Yo creo que es verdad,
que la salud del cuerpo, la salud de la mente, la salud de la sociedad y la
salud de la naturaleza son las mejores condiciones para que la felicidad sea
posible. Pero andamos tan extraviados que en nuestro tiempo los sistemas de
salud tienden a pensarse ante todo como asuntos de atención médica, de farmacia
y de cirugía. La salud preventiva, la más importante de todas, tiende a
olvidarse.
Si los gobiernos
estuvieran verdaderamente interesados en la salud de la comunidad, tendrían
como principal objeto de su trabajo la provisión de agua potable, la higiene,
la producción de alimentos sanos y seguros, la educación para la convivencia,
la defensa de la naturaleza, el ingreso social, la recreación, la oportunidad
laboral, la protección de la familia, la solidaridad, la confianza y la
alegría.
Yo estoy seguro de que
una porción muy alta de las consultas de urgencias en los hospitales se debe a
la angustia, a la incertidumbre económica, a la tensión de las relaciones
humanas, a la mala alimentación, al estrés, al desamparo y a la soledad.
Si la sociedad atendiera
sus necesidades prioritarias, los niveles de enfermedad descenderían a su
verdadera proporción y no estaríamos descargando en los médicos y en los
hospitales todo el peso de nuestro desorden social.
Pero también la
violencia, que obedece a múltiples causas, encuentra su caldo de cultivo en el
desamparo, en la incertidumbre, en la tensión urbana, en la falta de oportunidades,
y en una sociedad que no alienta en sus miembros la serenidad y el orgullo de
tener una función, un reconocimiento y un destino.
Es muy probable que
prevenir la enfermedad sea más fácil que curarla.
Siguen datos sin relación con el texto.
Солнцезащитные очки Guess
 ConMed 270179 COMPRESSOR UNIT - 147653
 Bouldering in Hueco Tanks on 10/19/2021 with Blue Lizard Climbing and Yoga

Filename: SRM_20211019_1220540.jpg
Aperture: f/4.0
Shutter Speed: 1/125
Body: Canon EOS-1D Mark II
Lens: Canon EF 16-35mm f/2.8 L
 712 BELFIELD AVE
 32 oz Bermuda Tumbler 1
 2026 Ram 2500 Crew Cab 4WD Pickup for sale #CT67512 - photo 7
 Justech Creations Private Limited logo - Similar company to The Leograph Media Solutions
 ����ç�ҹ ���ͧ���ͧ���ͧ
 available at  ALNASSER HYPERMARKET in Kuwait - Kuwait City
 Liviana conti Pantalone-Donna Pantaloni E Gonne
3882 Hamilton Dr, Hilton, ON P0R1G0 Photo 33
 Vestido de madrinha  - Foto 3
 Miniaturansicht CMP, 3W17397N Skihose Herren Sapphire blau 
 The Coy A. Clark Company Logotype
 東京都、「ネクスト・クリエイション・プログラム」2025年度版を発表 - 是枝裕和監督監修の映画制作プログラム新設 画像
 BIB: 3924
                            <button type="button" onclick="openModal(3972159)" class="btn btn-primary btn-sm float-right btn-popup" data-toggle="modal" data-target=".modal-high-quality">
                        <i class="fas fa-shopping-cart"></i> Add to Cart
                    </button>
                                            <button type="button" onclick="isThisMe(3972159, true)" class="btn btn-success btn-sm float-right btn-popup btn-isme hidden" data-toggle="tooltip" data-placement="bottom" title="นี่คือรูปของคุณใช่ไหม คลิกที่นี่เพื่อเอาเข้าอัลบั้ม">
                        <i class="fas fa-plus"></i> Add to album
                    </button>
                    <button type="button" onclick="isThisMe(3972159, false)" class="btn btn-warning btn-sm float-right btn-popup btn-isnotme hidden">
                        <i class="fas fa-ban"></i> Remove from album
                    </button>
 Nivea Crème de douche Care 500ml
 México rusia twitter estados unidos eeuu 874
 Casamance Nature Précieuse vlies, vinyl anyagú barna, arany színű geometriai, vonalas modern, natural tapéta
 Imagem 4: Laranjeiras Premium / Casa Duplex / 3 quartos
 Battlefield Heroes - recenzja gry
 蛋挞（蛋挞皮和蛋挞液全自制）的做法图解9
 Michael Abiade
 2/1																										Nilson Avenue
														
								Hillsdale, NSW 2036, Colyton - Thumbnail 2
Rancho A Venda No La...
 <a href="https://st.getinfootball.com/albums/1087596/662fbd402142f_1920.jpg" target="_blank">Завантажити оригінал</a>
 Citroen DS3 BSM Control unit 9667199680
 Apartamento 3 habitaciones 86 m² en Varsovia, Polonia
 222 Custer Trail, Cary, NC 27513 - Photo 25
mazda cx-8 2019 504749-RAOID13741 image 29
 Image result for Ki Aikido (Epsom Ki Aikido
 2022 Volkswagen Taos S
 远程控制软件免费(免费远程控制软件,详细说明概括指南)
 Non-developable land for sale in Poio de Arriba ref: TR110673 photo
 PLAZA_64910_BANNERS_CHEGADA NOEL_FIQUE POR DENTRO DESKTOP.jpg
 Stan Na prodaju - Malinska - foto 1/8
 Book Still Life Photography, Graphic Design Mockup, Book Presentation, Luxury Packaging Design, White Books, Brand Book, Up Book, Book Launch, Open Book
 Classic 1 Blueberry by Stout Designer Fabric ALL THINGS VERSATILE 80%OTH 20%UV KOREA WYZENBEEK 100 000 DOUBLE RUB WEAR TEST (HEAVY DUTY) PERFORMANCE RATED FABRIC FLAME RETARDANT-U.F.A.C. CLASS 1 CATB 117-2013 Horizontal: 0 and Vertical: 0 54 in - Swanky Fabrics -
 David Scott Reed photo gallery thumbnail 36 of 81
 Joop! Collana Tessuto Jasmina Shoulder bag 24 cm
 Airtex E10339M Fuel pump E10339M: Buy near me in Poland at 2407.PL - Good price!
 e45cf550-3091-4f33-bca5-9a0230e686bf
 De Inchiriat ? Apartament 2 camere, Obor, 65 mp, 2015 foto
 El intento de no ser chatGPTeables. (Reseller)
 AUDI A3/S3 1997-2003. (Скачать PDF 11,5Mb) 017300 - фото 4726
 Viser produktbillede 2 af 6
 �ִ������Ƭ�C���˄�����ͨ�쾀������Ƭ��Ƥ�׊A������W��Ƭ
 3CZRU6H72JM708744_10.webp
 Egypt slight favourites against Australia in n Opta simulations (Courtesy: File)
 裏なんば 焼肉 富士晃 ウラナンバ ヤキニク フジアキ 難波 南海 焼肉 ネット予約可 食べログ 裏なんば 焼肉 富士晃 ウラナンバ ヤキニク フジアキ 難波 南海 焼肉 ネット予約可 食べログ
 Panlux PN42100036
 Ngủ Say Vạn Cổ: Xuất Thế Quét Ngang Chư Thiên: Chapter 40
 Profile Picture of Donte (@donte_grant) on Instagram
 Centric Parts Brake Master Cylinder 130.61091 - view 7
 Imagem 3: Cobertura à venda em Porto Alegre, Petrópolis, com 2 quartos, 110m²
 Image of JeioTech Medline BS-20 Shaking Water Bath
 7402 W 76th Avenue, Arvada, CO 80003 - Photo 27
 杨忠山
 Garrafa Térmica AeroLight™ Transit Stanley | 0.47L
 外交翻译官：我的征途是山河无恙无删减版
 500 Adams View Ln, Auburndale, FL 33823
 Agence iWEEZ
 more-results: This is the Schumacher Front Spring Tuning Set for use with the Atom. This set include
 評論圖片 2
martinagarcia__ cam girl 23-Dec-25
En nuestro país es evidente
que prevenir la violencia sería mucho más efectivo que combatirla mediante una
pesadilla creciente de operaciones guerreras y de cárceles infernales. Sólo las
sociedades enfermas piensan que la salud consiste en medicinas y cirugías, que
la justicia consiste en policías y cárceles.
Creo que hoy la felicidad
humana depende sobre todo del arte, del pensamiento y de la política. Y llamo
arte a la posibilidad de que cada ser humano persiga su vocación, realice lo
más plenamente que le sea posible su aventura creadora, conquiste su destino
personal. Llamo pensamiento al trabajo responsable de la ciencia, al esfuerzo
reflexivo de la técnica, a la labor incesante de la filosofía revelándonos el
sentido de lo que existe, a los avances del diálogo social, del debate, y a la
fuerza del sentido común contra las manipulaciones del poder, contra las
confusiones y los caprichos de la opinión.
Y llamo política sólo a
la capacidad de la humanidad de recuperar su rol protagónico en el orden del
mundo, y no dejar más la responsabilidad de la historia en manos de los
expertos, de los burócratas y de la corrupción.
Nunca estuvimos más lejos
del equilibrio, pero también por eso nunca estuvimos tan necesitados de él. Hoy
la felicidad no puede estar en el futuro buscado sino en el presente de esa búsqueda.
Y es algo que la humanidad va a emprender por su propia fuerza interior.
Porque, aunque los
Estados, las academias y las iglesias traten de hacer que lo olvidemos, son los
pueblos los que crearon las lenguas, los que pulieron los oficios, los que descubrieron
las artes y los que encontraron en su camino a los dioses.